15 Sep. 2010

Robin Hood Review


Director Ridley Scott returns for another go at the world of epic period pieces. This time he brings us the story we’ve all heard and seen before… or have we?

Reuniting with Russell Crowe, Scott gives us a completely new take on the old myth of Robin of the Hood with mixed results. On a technical standpoint Scott is on the top of his game giving the viewer a great deal to soak up with each frame. Quite frankly the movie “looks” great. Unfortunately the written portion of the film is not quite up to the same standard as the direction.

The film opens with a decent battle scene where we’re introduced to Robin Longstride; archer of the kings army. Now for this reviewer (who was raised with Kevin Costner’s Robin Hood: Prince of Thieves) this was a big difference since I’ve always known Robin Hood as “Robin of Loxley”. This switch was an interesting choice and really gets the viewer prepared for all the differences this movie would have. After both the King’s death and the “real” Robin of Loxley’s demise, our hero outlaw assumes the identity of the fallen knight along with his trusted archer friends; Will Scarlet, Little John and Allan A’Dayle. From here we return to England were the body of the story takes place.

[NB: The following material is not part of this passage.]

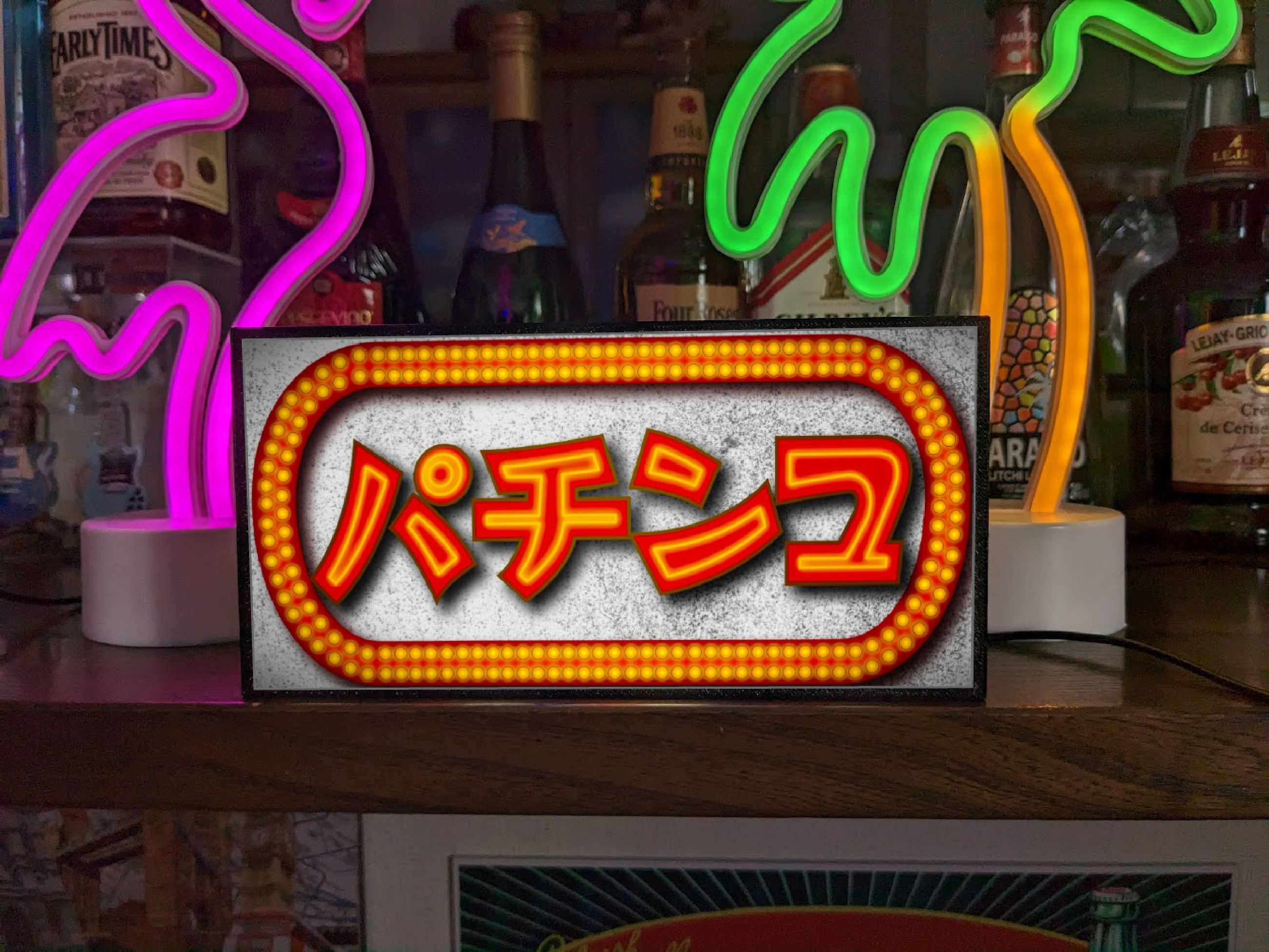 【オーダー無料】パチスロ パチスロ 遊技場 ゲームセンター 昭和レトロ おもしろグッズ 看板 置物 雑貨 ライトBOX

Now the largest difference is the fact that the Sheriff of Nottingham is not the main villain. In fact, he only appears a few times throughout the film and has a total of maybe fifteen minutes of screen time. The real villain is Godfrey, played by Mark Strong whom we will all soon see in next year’s Green Lantern film playing the villain; Sinestro. As far as villains go Godfrey is a weak heavy, who is trying to destabilize England for a French invasion. All of his posturing and scheming leads to the inevitable large battle at the end of the film. This battle is the only time where Scott does not seem to have a handle on things. The battle is short and although it’s the climax of the film, it’s also very boring. It’s not until after this battle and sitting safely on his throne that King John names Robin as an Outlaw leaving the film open with the chance of a sequel that no doubt will ever come.

In short; this is not as good as Gladiator, but thankfully is not a complete mess like Kingdom of Heaven. This movie is definitely a rental or a cheap bin pick-up, but for this reviewer; I’m sticking with Prince of Thieves until we get something better.